──────── Information provided

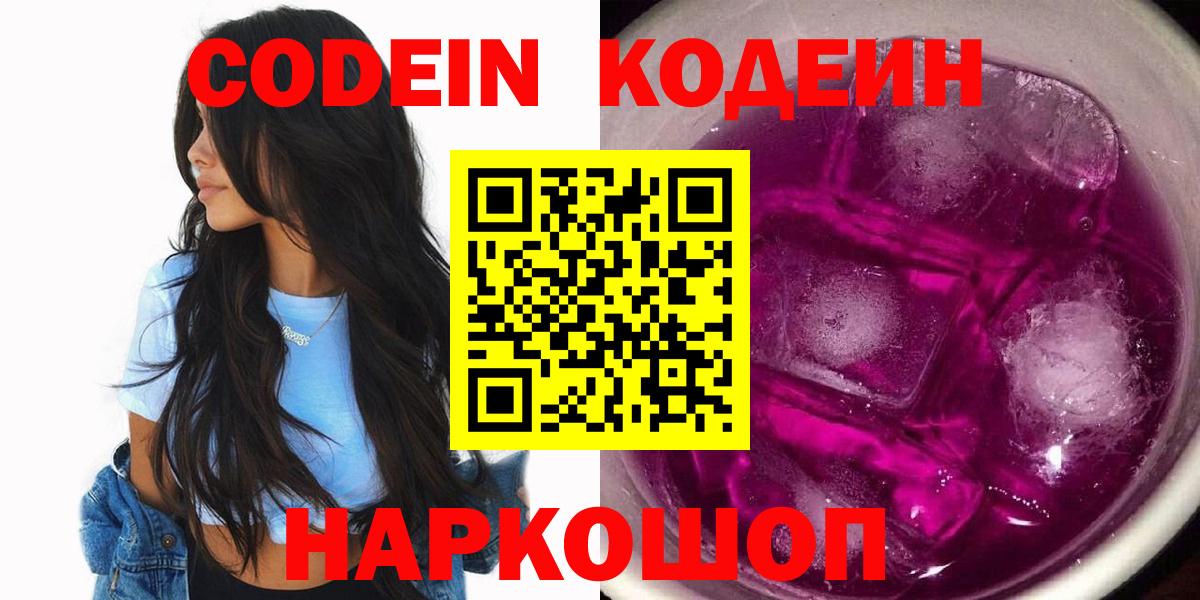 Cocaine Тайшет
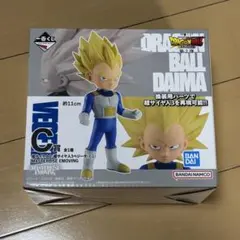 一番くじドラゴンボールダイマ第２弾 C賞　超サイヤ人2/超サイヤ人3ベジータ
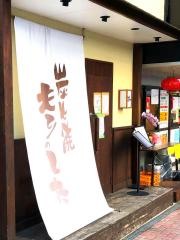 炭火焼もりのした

────────────────

Line by line, return the listing above exactly, dropping every picture.

# Completed task
 Cocaine Тайшет
 一番くじドラゴンボールダイマ第２弾 C賞　超サイヤ人2/超サイヤ人3ベジータ
 炭火焼もりのした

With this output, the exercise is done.